Y de nuevo, la petición de socorro urgente: “Pero tú, Señor, no te
quedes lejos; tú que eres mi fuerza, ven pronto a socorrerme.
Sálvame”(vv. 20.22a). Este es un grito que abre los cielos, porque
proclama una fe, una seguridad que va más allá de toda duda, de toda
oscuridad y de toda desolación. Y el lamento se transforma, deja lugar a
la alabanza en la acogida de la salvación: “Yo anunciaré tu Nombre a
mis hermanos, te alabaré en medio de la asamblea” (v.23). Así el Salmo
se abre a la acción de gracias, al gran himno final en el que participa
todo el pueblo, los fieles del Señor, la Asamblea litúrgica, las
generaciones futuras (cfr v. 24-32).

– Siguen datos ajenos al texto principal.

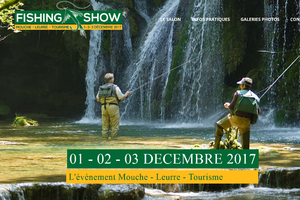 Idée sortie weekend : le Fishing Show, du 1er au 3 décembre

El Señor ha venido en su ayuda, ha
salvado al pobre y le ha mostrado el rostro de su misericordia. Muerte y
vida se han cruzado en un misterio inseparable del que ha salido
victoriosa la vida, el Dios de la salvación se ha mostrado Señor
indiscutible ante el cual todos los confines de la tierra celebrarán y
todas las familias de los pueblos se postrarán. Es la victoria de la fe,
que puede transformar la muerte en don de vida, el abismo del dolor en
fuente de esperanza.
Querídisimos hermanos y hermanas, este Salmo nos ha llevado al
Gólgota, a los pies de la cruz, para revivir su pasión y compartir la
alegría fecunda de la resurrección. Dejémonos invadir de la luz del
misterio pascual y, como los discípulos de Emaús, aprendamos a discernir
la verdadera realidad más allá de las apariencias, reconociendo el
camino de la exaltación en la humillación y la plena manifestación de la
vida en la muerte, en la cruz. Así poniendo de nuevo toda nuestra
confianza y esperanza en Dios Padre, en el momento de la angustia, le
podremos rezar con fe también nosotros y nuestro grito de auxilio se
transformará en cantos de alabanza. Gracias.